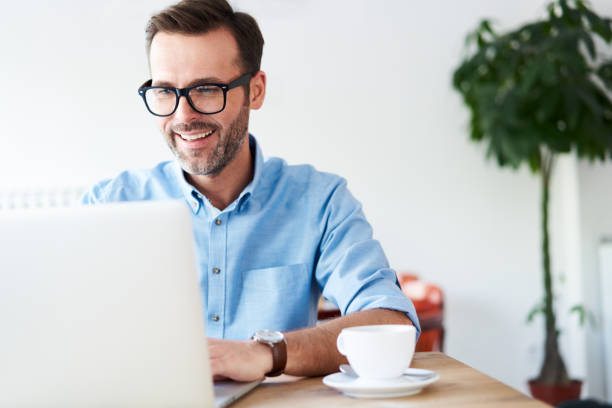 istock Handsome man at cafeteria, cafe working on laptop 1138353221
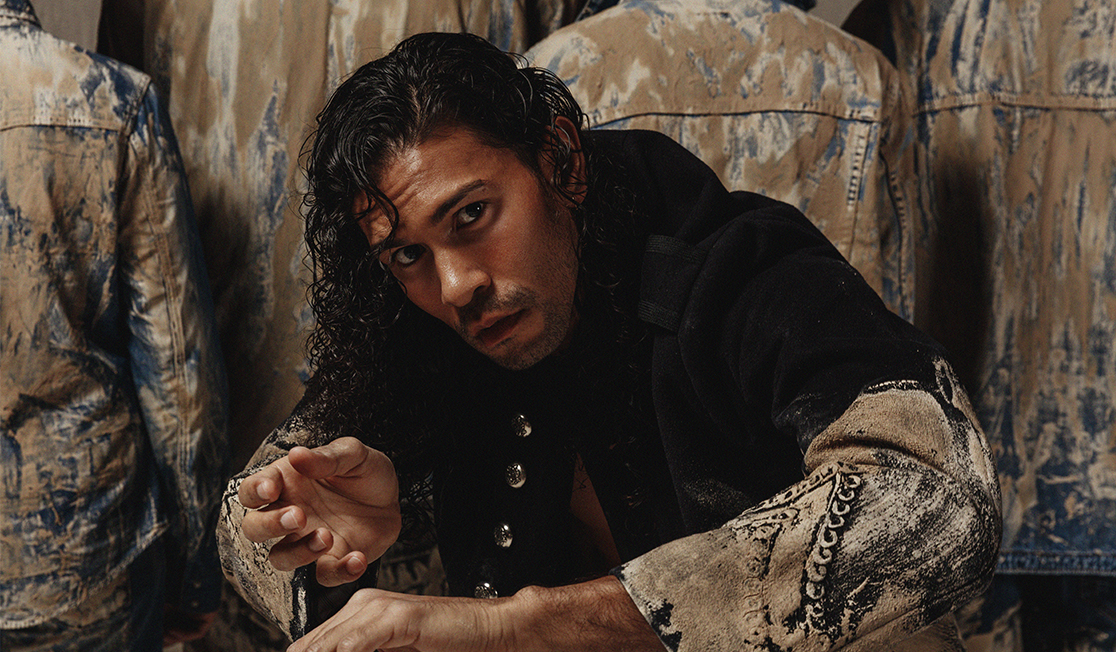 A man in a black jacket with mud on the sleeves leans towards the camera, he has long curly, dark hair and a serious expression, there are people standing behind him and facing away, they are wearing denim jackets covered in drying mud.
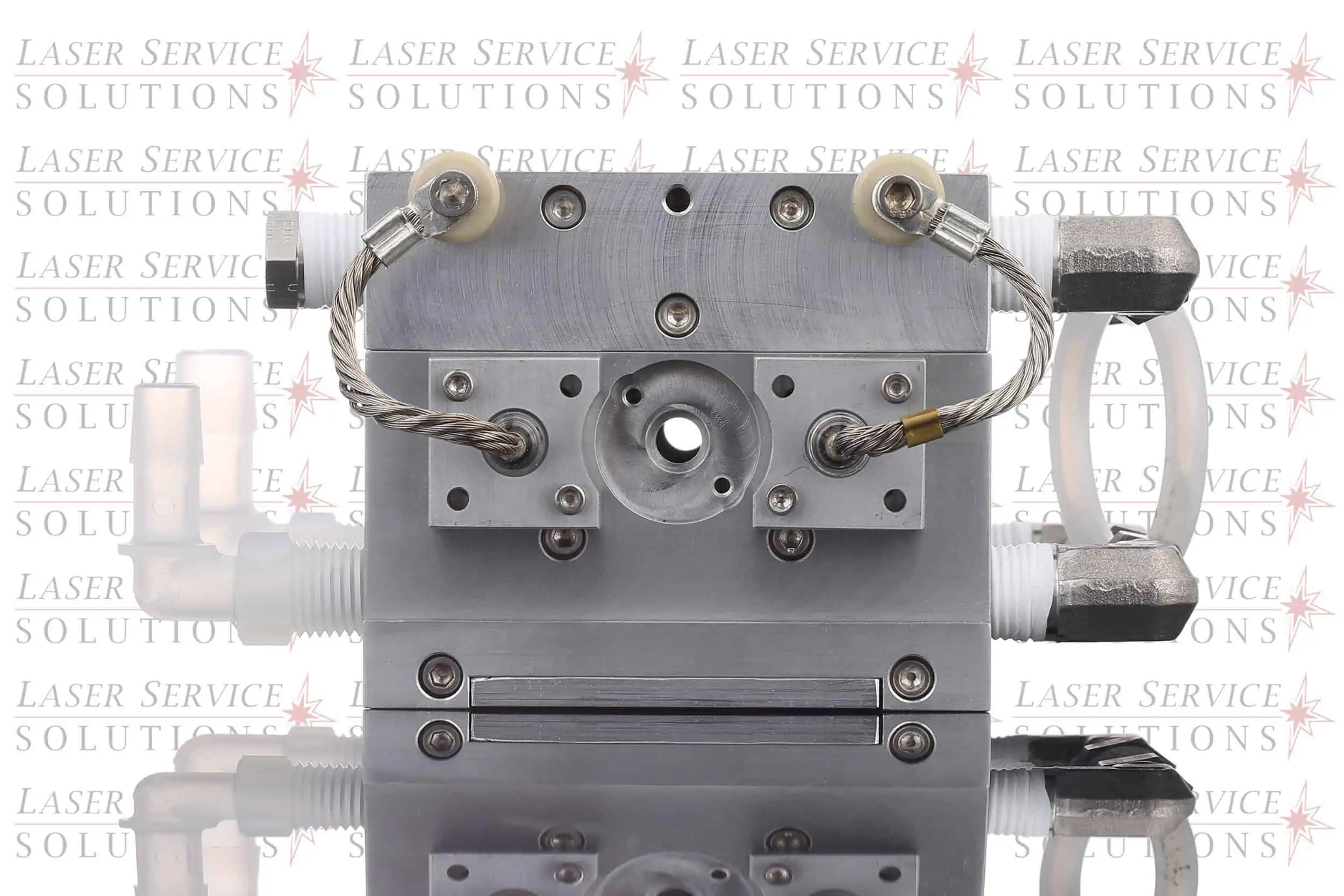 An Elite+ Yag Pump Chamber laser part with wires and fittings is shown, set against a background repeating Laser Service Solutions text. The chamber features ports, screws, and tubing connected on either side, with a reflective surface below.
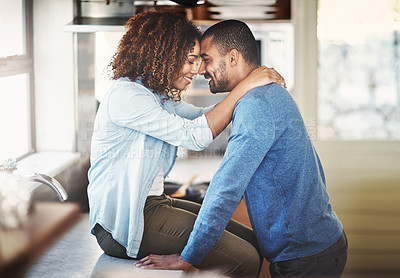 Buy stock photo Young happy couple hugging and having a romantic moment in a kitchen at home. Relaxed boyfriend and girlfriend talking while embracing and bonding, enjoying their time together in a new apartment 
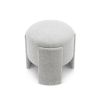 Small round ottoman upholstered in off-white fabric with wide legs overlapping the seat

* _Exercise requirements_
The copy you give must repeat each record character for character, but it must not include the pictures.

* _Solved problem_
 istock Handsome man at cafeteria, cafe working on laptop 1138353221
 A man in a black jacket with mud on the sleeves leans towards the camera, he has long curly, dark hair and a serious expression, there are people standing behind him and facing away, they are wearing denim jackets covered in drying mud.
 An Elite+ Yag Pump Chamber laser part with wires and fittings is shown, set against a background repeating Laser Service Solutions text. The chamber features ports, screws, and tubing connected on either side, with a reflective surface below.
 Buy stock photo Young happy couple hugging and having a romantic moment in a kitchen at home. Relaxed boyfriend and girlfriend talking while embracing and bonding, enjoying their time together in a new apartment 
 Small round ottoman upholstered in off-white fabric with wide legs overlapping the seat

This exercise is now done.